§ What is expected
From the first line to the last, copy the material exactly and leave the pictures out.

§ Dataset content
• • •
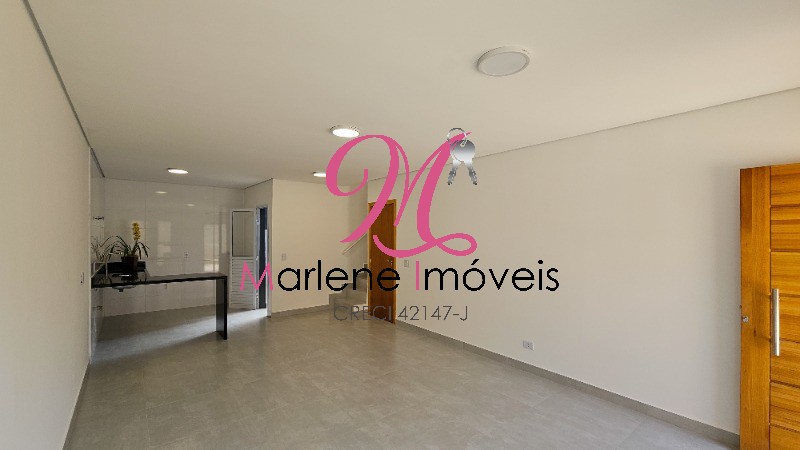 Casa, 3 quartos - Foto 10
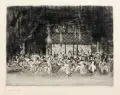 Ernst Oppler, Das Russische Ballett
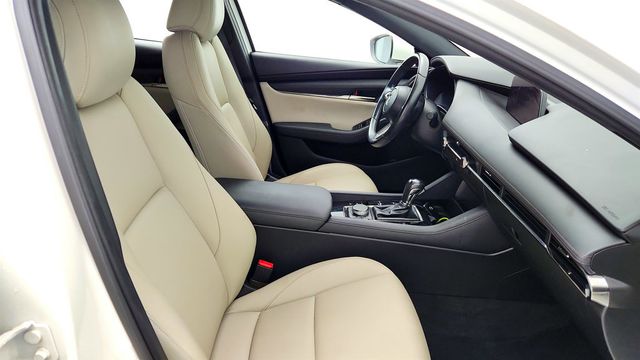 2019 Mazda Mazda3 5-Door FWD Automatic - 23075020 - 20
• • •
§ Reply to the exercise
 Casa, 3 quartos - Foto 10
 Ernst Oppler, Das Russische Ballett
 2019 Mazda Mazda3 5-Door FWD Automatic - 23075020 - 20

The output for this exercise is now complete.